After 15 years in healthcare human resources, Greg Smorzewski’s speciality is “finding people who are getting into healthcare for the right reasons.” Smorzewski’s main goal as HR Director is “to create an environment that’s beneficial for patients and employees.” It’s essential, then, that he find candidates who get into healthcare for the right reasons. Not only candidates who will stick around (which helps the organization), but candidates who will do a great job for the patients (which helps everybody).

This is interesting to me since identifying the reasons someone is taking a job are so subjective. How do you identify someone’s motives? I wondered.

A Conversation with Greg Smorzewski

How do you find people who are getting into healthcare for the right reasons?

GS: It’s actually simpler than a lot of people would think. There’s a lot of different avenues to get there. You could do behavioral interviewing and you could ask a series of questions.

“I keep it very simple and ask people why they got the job.”

I do everything from a pretty simplistic standpoint and try to keep things very honest. Just that initial honest feedback that you get from an applicant is probably the best and most beneficial information you get from somebody.

What’s an example of the right answer to that question?

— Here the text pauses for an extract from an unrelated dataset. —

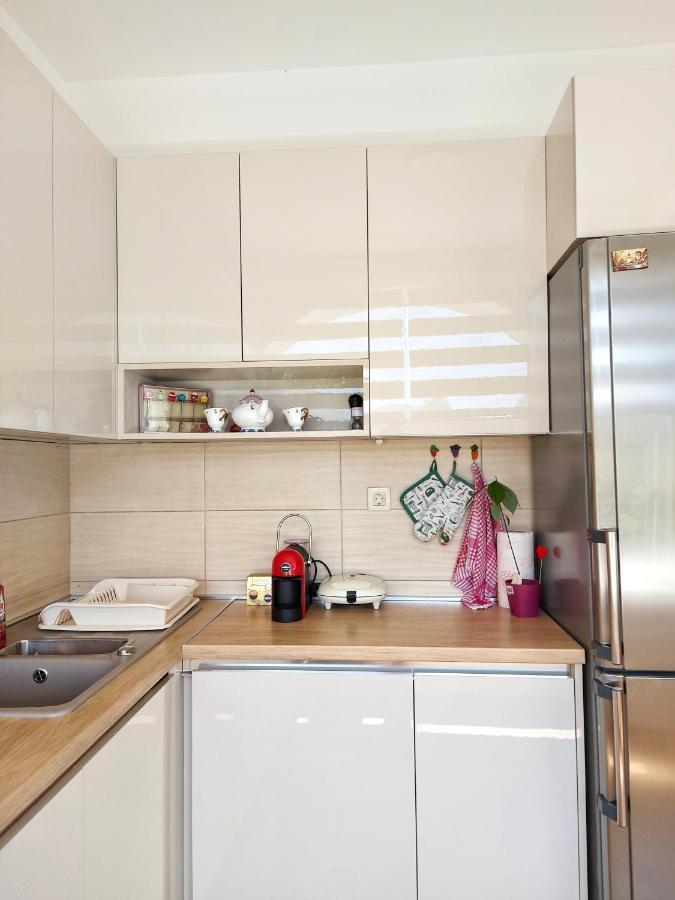 Studios Merdovic Budua Esterno foto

GS: I’ve heard a lot of right answers. The one that comes to the forefront is maybe they had a family member that they had to see go through the healthcare system. Or maybe they had a family member who was a part of the healthcare system. Or they just have a passion for helping people and they just understand the nature of this work—they just understand the nature of this work, not matter what job you’re in at any hospital, is taking care of patients.

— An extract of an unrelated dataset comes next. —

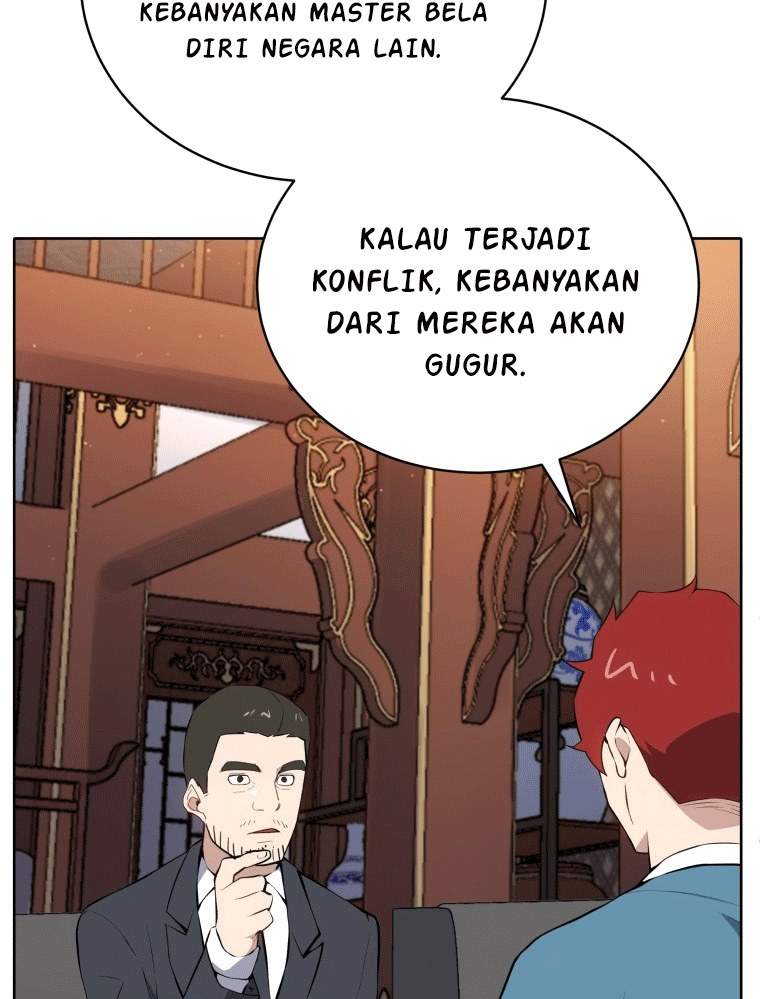 The Descent of the Demonic Master Chapter 105 Gambar 33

What are your top 3 pieces of advice for other HR Directors?

GS: 1. Work hard and put structure into place.

Number one is the hard work. It’s building structure into how you do your recruiting, so you don’t come in to work not knowing what you’re going to do that day. Having structure of how you’re going to be sourcing candidates and the timing of how you’re going to be sourcing candidates, when you’re going to be interviewing candidates. With that structure, allows the ability to keep on top of all the different openings your recruiters are facing.

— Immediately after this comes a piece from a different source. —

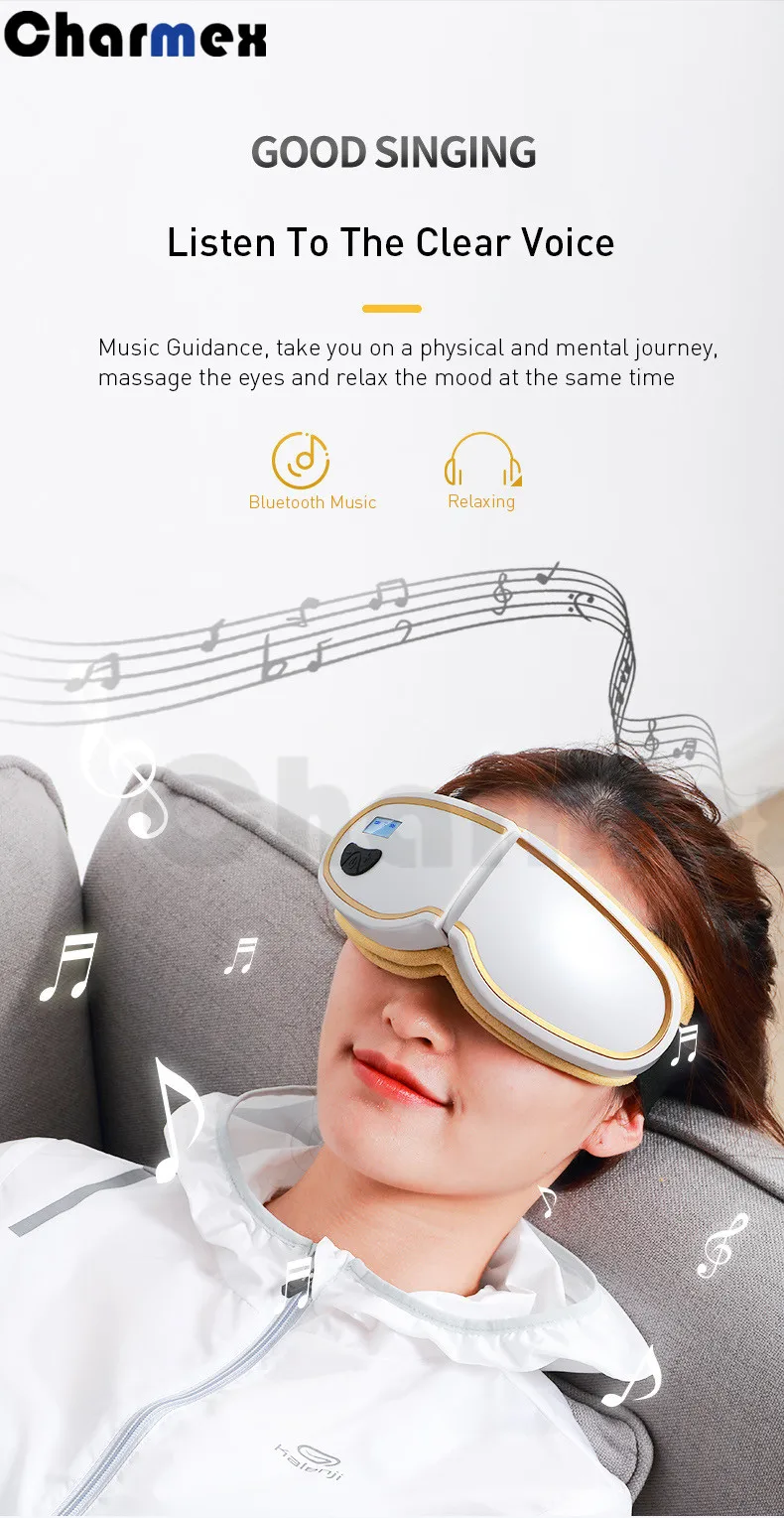 eye massage machine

2. Use a wide variety of solutions.

I don’t think there’s a magic bullet out there. Using as many different solutions as possible is very helpful. For us, we use pretty much everything we can get our hands on…. You name it, we’re using it to try to find candidates. Getting that variety out there is extremely important.

3. Be lucky 🙂

Nuf said. Thanks Greg, for taking the time to talk.

 

My Reflections On Identifying Motives in the Hiring Process

Motives are a tricky thing, even within ourselves, let alone a professional environment where people’s future jobs are on the line. Yet, how important they are! The negative risk is being judgmental, but the opposite risk is equally to be avoided: to be naive during the hiring process. So when we talk about motives here, we’re not talking about judging someone’s character or whatever; we’re talking about their motives in relationship to jobs—the job they’re applying for in particular.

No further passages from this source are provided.